Planning for more than 70 homes in Dublin city is to be fast-tracked in a bid to help solve the housing crisis.
Housing Minister Simon Coveney said that rather than taking months to approve the final plans for the regeneration of the Dominick Street flats, "project teams" would do it in only two days - meaning people would be in their homes by early 2018.
Mr Coveney and Public Expenditure Minister Paschal Donohoe (inset) announced funding for the €29m project, which will result in 72 apartments, retail and community facilities including an all-weather sports pitch in Dublin's north inner city.
A previous plan to redevelop the complex under a Public Private Partnership (PPP) scheme with developer Bernard McNamara collapsed in 2008.
The project, to be delivered by the city council, is located on the east side of Dominick Street, currently a vacant site beside the new Luas Cross City line.
When completed, 50 households from the west side blocks will be re- located, and those homes may be regenerated at a future date.
Twenty-two other homes will be created for people on the council's waiting list, and work will begin by early next year.
Residents' representative Gerry Carney said the community was a "long time waiting" and that the collapse of the PPP had been "devastating".

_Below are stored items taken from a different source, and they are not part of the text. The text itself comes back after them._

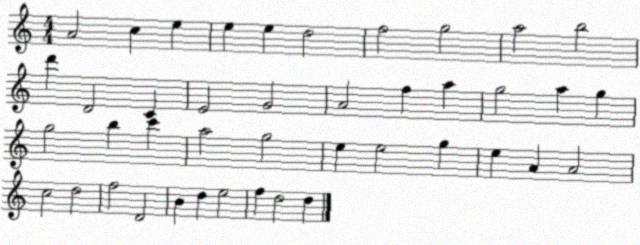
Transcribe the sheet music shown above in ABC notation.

X:1
T:Untitled
M:4/4
L:1/4
K:C
A2 c e e e d2 f2 g2 a2 b2 d' D2 C E2 G2 A2 f a g2 a g g2 b c' a2 g2 e e2 g e A A2 c2 d2 f2 D2 B d e2 f d2 d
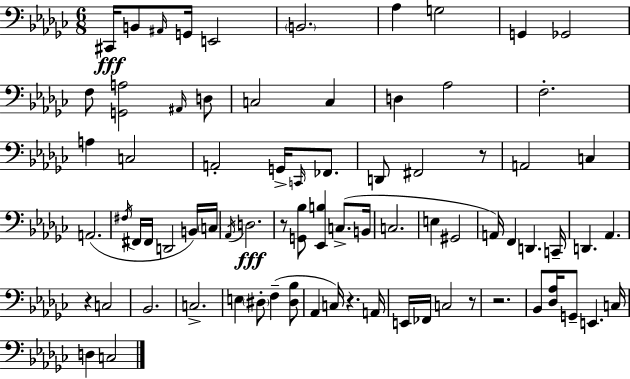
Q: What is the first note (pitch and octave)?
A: C#2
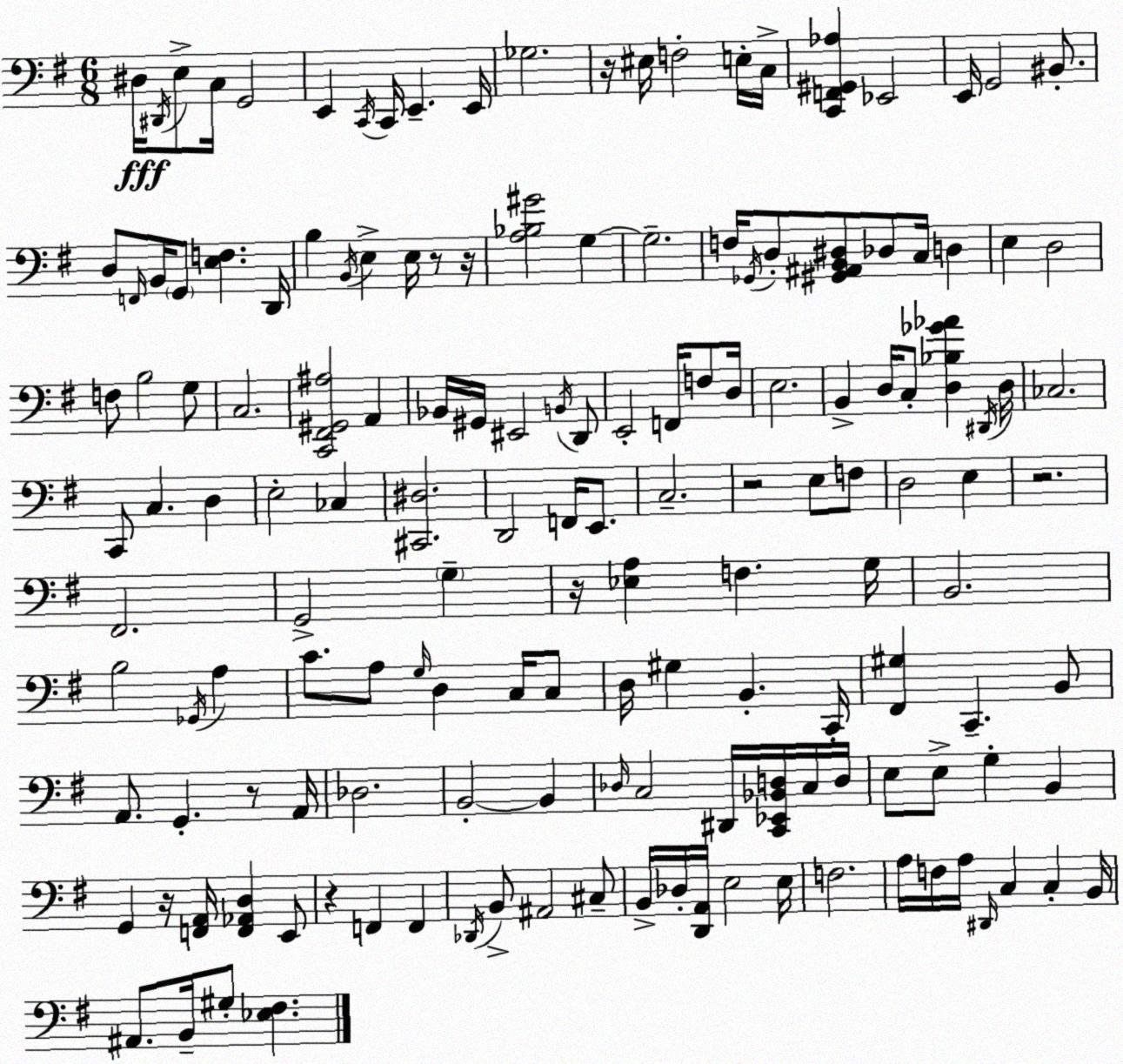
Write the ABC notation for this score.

X:1
T:Untitled
M:6/8
L:1/4
K:Em
^D,/4 ^D,,/4 E,/2 C,/4 G,,2 E,, C,,/4 C,,/4 E,, E,,/4 _G,2 z/4 ^E,/4 F,2 E,/4 C,/4 [C,,F,,^G,,_A,] _E,,2 E,,/4 G,,2 ^B,,/2 D,/2 F,,/4 B,,/4 G,,/2 [E,F,] D,,/4 B, B,,/4 E, E,/4 z/2 z/4 [A,_B,^G]2 G, G,2 F,/4 _G,,/4 D,/2 [^G,,^A,,B,,^D,]/2 _D,/2 C,/4 D, E, D,2 F,/2 B,2 G,/2 C,2 [C,,^F,,^G,,^A,]2 A,, _B,,/4 ^G,,/4 ^E,,2 B,,/4 D,,/2 E,,2 F,,/4 F,/2 D,/4 E,2 B,, D,/4 C,/2 [D,_B,_G_A] ^D,,/4 D,/4 _C,2 C,,/2 C, D, E,2 _C, [^C,,^D,]2 D,,2 F,,/4 E,,/2 C,2 z2 E,/2 F,/2 D,2 E, z2 ^F,,2 G,,2 G, z/4 [_E,A,] F, G,/4 B,,2 B,2 _G,,/4 A, C/2 A,/2 G,/4 D, C,/4 C,/2 D,/4 ^G, B,, C,,/4 [^F,,^G,] C,, B,,/2 A,,/2 G,, z/2 A,,/4 _D,2 B,,2 B,, _D,/4 C,2 ^D,,/4 [C,,_E,,_B,,D,]/4 C,/4 D,/4 E,/2 E,/2 G, B,, G,, z/4 [F,,A,,]/4 [F,,_A,,D,] E,,/2 z F,, F,, _D,,/4 B,,/2 ^A,,2 ^C,/2 B,,/4 _D,/4 [D,,A,,]/4 E,2 E,/4 F,2 A,/4 F,/4 A,/4 ^D,,/4 C, C, B,,/4 ^A,,/2 B,,/4 ^G,/2 [_E,^F,]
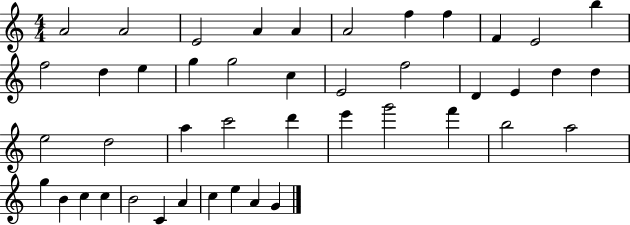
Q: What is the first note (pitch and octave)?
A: A4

"There were a lot of meetings after the PPP went down. Everybody was devastated," he said.
"But we want to thank Dublin City Council for staying on the table with the residents and keeping it going."
Mr Donohoe paid tribute to the "real heroes in the community", including regeneration chair Michael Finn and Mr Carney, who had worked for more than a decade to deliver the project.

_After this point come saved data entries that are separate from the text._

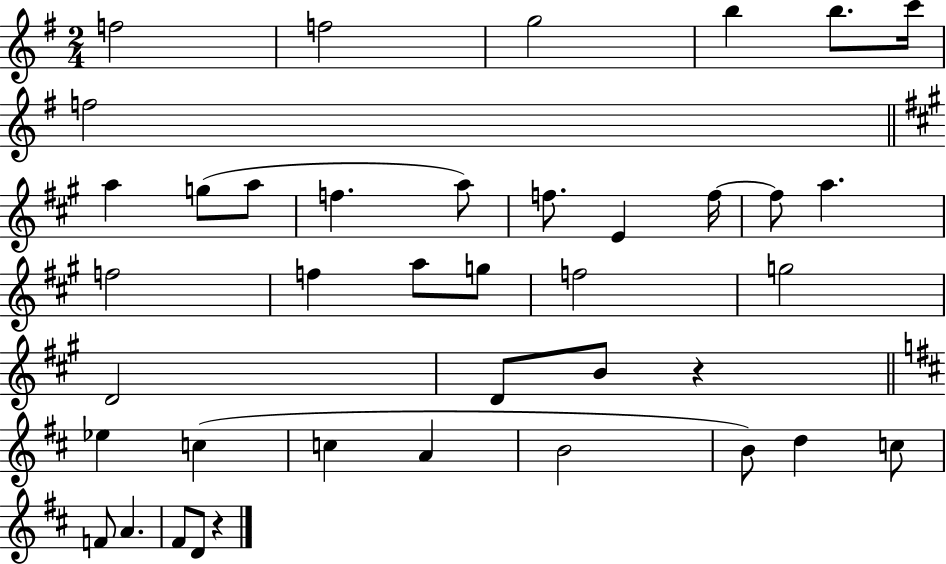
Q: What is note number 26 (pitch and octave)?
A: B4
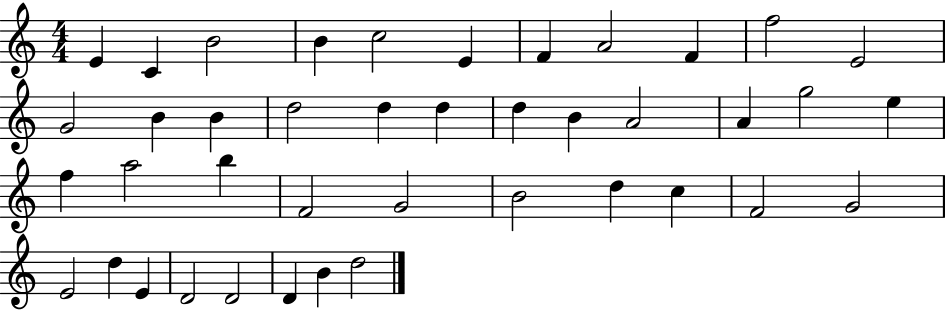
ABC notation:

X:1
T:Untitled
M:4/4
L:1/4
K:C
E C B2 B c2 E F A2 F f2 E2 G2 B B d2 d d d B A2 A g2 e f a2 b F2 G2 B2 d c F2 G2 E2 d E D2 D2 D B d2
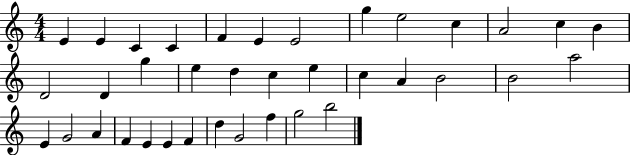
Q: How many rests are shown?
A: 0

Mr Coveney said a new system to fast-track funding approval would be used.
"We're going to test the new system that we have in place where, instead of taking months for my department to sign-off, we will send a team into the city council which would hope to sign-off in about two days," he said.
He added that he was trying to "take party politics out of the housing debate" and was "hugely optimistic" about investing in communities.
"One of the things I'm trying to do is fast-track the kind of change which is so much needed in communities," he added.